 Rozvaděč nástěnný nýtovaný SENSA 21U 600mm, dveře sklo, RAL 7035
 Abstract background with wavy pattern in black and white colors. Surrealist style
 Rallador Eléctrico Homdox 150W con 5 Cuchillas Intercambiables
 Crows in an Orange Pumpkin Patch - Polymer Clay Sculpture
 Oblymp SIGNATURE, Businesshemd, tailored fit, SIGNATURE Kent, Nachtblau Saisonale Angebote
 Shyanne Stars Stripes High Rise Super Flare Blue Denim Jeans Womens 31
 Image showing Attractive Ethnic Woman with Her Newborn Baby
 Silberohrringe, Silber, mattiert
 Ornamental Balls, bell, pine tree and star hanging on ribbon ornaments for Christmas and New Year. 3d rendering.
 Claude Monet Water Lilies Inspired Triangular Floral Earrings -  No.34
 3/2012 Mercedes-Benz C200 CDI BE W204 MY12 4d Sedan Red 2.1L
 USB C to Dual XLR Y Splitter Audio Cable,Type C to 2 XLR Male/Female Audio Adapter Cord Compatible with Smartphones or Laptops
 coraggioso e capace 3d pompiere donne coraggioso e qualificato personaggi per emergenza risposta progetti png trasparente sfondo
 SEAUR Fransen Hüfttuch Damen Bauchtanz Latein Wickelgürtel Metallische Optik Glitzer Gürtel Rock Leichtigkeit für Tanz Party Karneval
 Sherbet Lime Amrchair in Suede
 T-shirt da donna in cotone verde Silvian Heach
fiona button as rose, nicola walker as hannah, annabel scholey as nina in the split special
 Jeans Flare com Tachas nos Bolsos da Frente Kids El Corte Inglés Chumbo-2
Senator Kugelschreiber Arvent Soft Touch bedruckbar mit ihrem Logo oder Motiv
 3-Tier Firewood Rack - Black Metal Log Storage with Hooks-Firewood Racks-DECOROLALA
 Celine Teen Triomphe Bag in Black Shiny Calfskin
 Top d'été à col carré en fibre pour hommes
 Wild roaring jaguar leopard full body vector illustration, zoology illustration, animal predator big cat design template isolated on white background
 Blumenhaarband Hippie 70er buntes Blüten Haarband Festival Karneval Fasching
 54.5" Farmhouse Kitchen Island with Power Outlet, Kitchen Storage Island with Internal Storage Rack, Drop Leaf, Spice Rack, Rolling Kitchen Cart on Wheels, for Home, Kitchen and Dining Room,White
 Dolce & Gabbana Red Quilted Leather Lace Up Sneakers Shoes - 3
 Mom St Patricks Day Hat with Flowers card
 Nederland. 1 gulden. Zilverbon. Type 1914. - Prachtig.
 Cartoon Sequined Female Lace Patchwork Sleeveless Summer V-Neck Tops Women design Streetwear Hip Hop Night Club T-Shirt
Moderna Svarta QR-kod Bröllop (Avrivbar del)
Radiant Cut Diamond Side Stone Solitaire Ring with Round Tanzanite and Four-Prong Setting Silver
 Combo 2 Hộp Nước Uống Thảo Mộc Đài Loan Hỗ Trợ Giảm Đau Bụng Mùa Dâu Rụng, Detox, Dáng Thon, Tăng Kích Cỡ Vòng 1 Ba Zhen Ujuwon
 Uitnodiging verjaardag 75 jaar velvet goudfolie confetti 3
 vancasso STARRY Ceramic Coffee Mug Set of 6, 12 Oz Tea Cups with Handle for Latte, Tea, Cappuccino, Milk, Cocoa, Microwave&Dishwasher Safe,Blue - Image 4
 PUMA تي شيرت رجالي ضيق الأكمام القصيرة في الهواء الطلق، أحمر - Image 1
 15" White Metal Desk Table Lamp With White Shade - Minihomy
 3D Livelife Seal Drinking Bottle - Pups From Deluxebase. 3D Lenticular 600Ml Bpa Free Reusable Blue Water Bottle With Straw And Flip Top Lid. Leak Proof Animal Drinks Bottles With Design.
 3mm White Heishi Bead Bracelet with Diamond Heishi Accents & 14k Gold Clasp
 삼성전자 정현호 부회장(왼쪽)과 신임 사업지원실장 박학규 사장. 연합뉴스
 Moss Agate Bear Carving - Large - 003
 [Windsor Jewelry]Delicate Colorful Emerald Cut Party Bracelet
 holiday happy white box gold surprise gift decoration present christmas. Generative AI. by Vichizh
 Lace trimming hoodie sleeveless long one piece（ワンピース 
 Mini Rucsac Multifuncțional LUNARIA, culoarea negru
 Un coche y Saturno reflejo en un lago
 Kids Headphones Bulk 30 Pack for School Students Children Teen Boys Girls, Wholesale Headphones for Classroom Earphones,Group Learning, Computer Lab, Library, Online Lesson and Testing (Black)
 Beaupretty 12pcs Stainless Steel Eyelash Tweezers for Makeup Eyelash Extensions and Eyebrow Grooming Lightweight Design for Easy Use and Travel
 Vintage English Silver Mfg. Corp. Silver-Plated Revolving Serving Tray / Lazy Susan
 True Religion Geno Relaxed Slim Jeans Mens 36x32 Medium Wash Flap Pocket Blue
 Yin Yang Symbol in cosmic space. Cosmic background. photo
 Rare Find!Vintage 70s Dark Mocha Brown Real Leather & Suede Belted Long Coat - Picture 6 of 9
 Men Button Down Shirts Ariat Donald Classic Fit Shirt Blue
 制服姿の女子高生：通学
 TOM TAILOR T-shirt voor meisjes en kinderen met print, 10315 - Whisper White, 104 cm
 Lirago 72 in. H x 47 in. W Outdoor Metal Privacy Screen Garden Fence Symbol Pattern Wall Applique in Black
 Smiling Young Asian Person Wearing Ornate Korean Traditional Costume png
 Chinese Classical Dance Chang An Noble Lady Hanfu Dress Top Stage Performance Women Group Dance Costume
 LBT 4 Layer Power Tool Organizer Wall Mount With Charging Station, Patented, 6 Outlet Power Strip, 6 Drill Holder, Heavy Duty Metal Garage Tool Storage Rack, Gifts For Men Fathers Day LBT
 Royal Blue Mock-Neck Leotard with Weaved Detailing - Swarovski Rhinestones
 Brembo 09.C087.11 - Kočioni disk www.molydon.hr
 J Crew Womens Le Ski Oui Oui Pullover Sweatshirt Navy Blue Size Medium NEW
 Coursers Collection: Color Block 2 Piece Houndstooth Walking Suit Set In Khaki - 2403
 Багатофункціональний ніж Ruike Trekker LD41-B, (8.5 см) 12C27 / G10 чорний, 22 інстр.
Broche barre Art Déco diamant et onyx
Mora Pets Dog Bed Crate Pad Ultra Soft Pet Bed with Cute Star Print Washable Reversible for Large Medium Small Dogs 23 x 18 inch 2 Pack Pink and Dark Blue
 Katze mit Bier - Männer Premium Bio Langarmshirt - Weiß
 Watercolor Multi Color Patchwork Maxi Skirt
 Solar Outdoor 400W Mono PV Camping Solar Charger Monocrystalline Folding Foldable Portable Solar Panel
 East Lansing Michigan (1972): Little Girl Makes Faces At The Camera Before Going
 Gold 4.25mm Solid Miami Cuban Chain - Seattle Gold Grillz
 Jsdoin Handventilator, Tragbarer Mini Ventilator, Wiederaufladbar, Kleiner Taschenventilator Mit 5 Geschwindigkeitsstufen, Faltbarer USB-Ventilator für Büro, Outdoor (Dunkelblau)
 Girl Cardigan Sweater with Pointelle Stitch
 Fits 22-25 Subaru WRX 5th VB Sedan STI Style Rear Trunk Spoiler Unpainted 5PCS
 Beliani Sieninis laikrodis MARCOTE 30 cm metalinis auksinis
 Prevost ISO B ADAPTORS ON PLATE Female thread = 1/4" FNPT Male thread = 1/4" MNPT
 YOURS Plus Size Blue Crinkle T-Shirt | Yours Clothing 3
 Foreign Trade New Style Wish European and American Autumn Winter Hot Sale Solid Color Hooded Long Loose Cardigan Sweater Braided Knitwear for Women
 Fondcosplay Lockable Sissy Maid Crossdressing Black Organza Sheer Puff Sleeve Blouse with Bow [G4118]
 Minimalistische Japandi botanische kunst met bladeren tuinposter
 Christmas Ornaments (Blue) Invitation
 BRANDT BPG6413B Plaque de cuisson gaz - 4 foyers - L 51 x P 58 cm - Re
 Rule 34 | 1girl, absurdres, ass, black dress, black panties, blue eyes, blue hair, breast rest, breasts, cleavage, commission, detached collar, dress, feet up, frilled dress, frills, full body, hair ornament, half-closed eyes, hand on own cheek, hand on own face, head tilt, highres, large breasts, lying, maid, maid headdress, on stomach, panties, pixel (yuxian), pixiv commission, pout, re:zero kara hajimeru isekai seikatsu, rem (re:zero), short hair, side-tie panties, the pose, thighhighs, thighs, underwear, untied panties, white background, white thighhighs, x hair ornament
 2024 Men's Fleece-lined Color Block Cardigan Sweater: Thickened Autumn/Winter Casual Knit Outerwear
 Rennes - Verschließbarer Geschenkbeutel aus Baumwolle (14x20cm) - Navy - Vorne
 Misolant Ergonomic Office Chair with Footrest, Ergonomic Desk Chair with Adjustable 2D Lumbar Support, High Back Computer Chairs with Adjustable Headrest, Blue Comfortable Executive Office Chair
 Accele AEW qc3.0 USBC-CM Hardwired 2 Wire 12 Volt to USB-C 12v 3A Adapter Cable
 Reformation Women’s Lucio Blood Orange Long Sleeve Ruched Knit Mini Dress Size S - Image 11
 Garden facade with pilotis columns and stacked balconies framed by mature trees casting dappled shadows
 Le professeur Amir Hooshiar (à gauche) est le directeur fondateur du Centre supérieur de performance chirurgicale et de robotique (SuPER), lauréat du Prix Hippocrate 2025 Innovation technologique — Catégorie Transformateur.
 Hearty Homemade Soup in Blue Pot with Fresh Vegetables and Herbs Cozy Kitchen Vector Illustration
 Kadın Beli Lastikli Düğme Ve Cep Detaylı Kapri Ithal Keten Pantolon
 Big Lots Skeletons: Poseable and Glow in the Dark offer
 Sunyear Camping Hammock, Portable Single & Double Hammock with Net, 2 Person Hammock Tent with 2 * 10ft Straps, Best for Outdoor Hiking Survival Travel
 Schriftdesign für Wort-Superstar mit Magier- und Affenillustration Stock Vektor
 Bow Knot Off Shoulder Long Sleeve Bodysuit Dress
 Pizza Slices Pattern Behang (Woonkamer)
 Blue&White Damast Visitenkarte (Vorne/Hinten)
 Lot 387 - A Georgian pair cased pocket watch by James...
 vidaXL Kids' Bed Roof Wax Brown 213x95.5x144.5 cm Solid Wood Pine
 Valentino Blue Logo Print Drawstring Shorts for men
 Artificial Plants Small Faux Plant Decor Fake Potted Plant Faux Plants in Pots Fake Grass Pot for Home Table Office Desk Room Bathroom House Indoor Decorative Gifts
= = = = = = =
### [EXERCISE REQUIREMENTS]
Looking at the records above, return exactly the lines from the line with "2024 Men's Fleece-lined" to the line with "Accele AEW qc3.0", both ends included.

### [FINISHED TASK]
 2024 Men's Fleece-lined Color Block Cardigan Sweater: Thickened Autumn/Winter Casual Knit Outerwear
 Rennes - Verschließbarer Geschenkbeutel aus Baumwolle (14x20cm) - Navy - Vorne
 Misolant Ergonomic Office Chair with Footrest, Ergonomic Desk Chair with Adjustable 2D Lumbar Support, High Back Computer Chairs with Adjustable Headrest, Blue Comfortable Executive Office Chair
 Accele AEW qc3.0 USBC-CM Hardwired 2 Wire 12 Volt to USB-C 12v 3A Adapter Cable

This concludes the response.